## Problem statement
Return all of the listing word for word; the pictures stay out.

## Supplied material
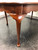 SOLD - HENKEL HARRIS 2211 29 Solid Mahogany Queen Anne Dining Table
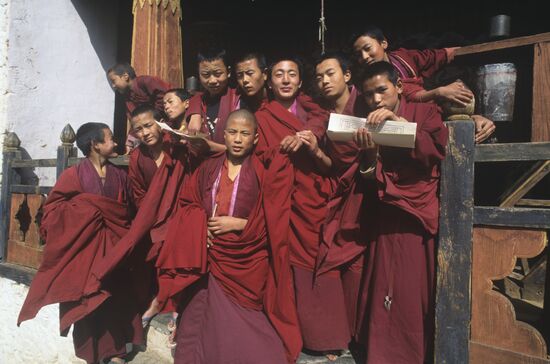 Buddhist monk-novices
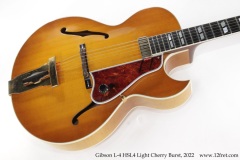 Gibson L-4 HSL4 Light Cherry Burst, 2022 Top View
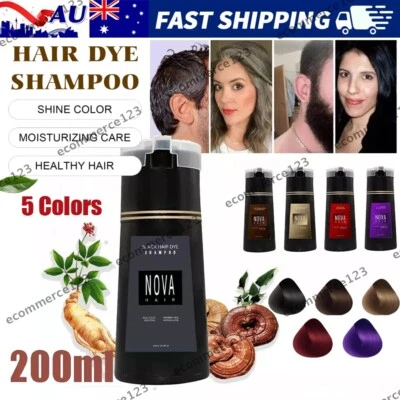 Nova Hair Dye Shampoo Hair Instant Dye Shampoo Hair Color Shampoo for Men Women - image 1 of 4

## Response
 SOLD - HENKEL HARRIS 2211 29 Solid Mahogany Queen Anne Dining Table
 Buddhist monk-novices
 Gibson L-4 HSL4 Light Cherry Burst, 2022 Top View
 Nova Hair Dye Shampoo Hair Instant Dye Shampoo Hair Color Shampoo for Men Women - image 1 of 4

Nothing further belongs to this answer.